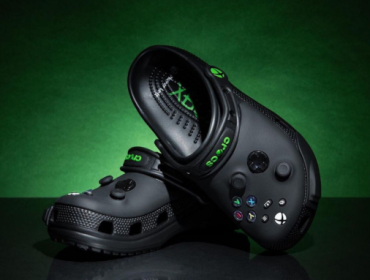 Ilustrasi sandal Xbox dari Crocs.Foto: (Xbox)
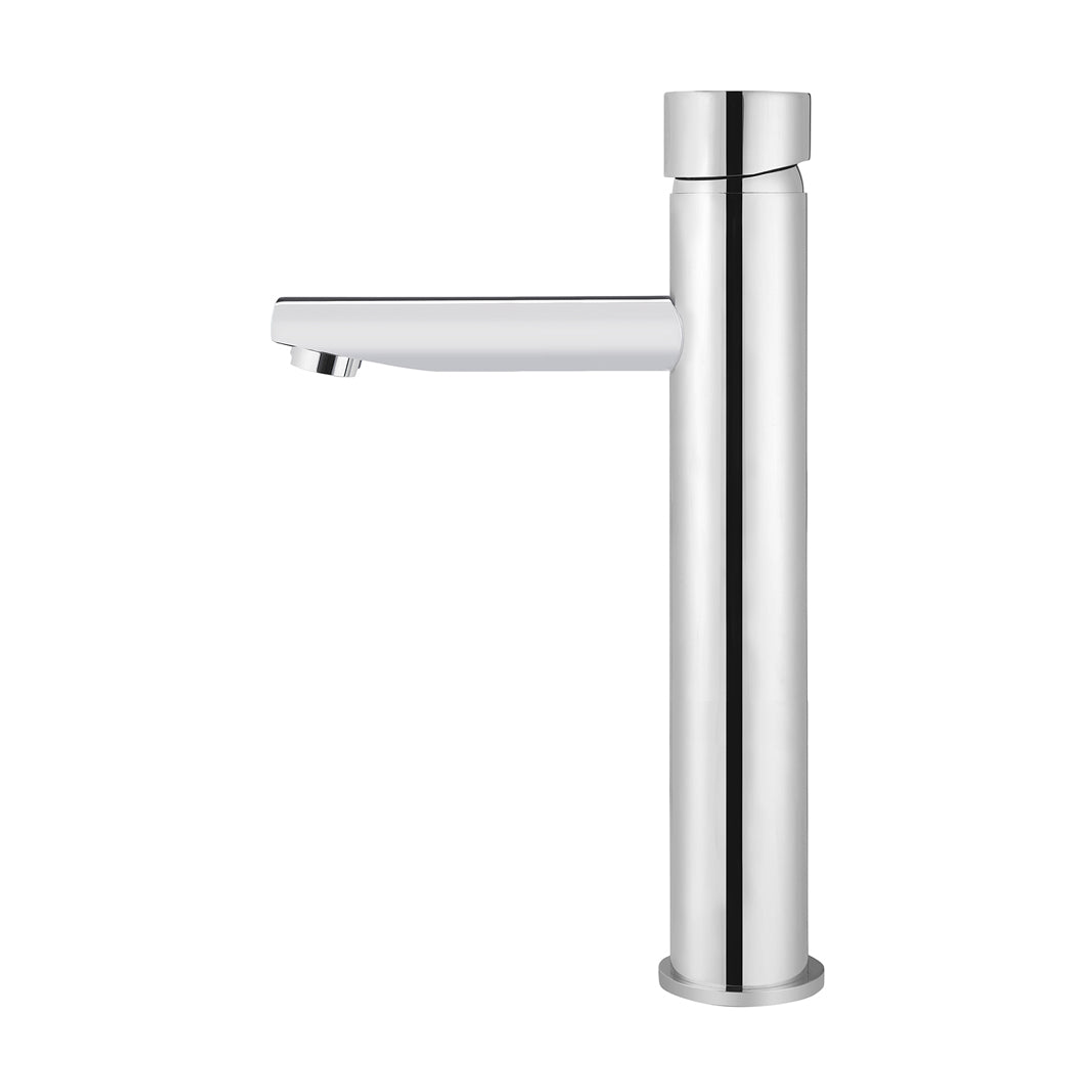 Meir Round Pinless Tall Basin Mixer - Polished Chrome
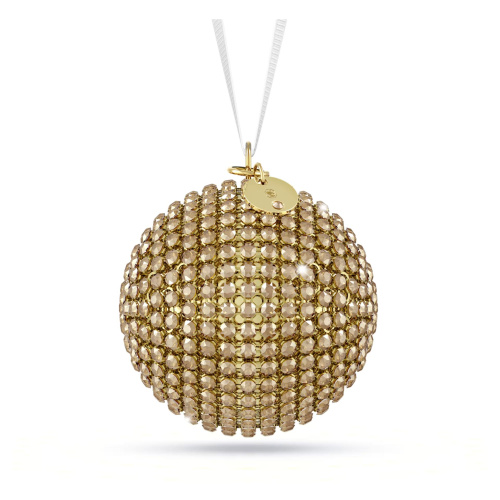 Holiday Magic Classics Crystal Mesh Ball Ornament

======

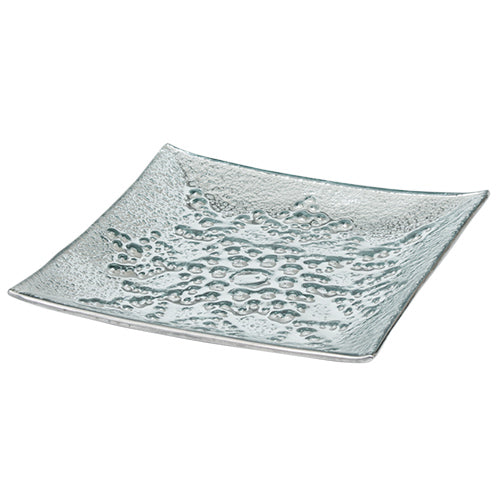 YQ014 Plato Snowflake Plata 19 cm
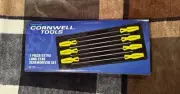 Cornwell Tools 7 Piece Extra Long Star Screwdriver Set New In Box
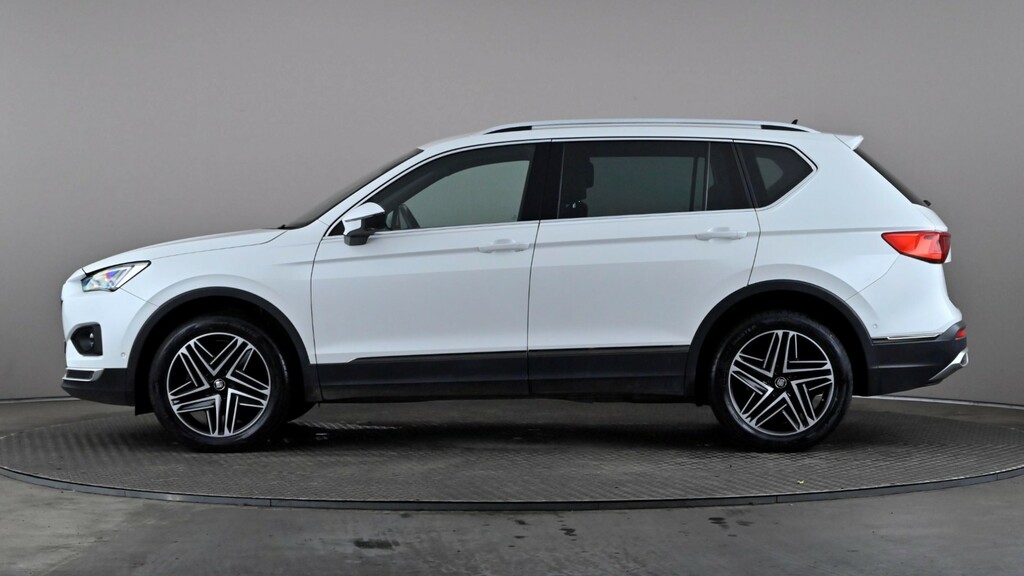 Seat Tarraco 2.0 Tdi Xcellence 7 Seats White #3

======

The result should be an exact copy of only the lines above from the one that holds "Ilustrasi sandal Xbox" through the one that holds "Holiday Magic Classics", both ends included, without pictures.

Task answer
 Ilustrasi sandal Xbox dari Crocs.Foto: (Xbox)
 Meir Round Pinless Tall Basin Mixer - Polished Chrome
 Holiday Magic Classics Crystal Mesh Ball Ornament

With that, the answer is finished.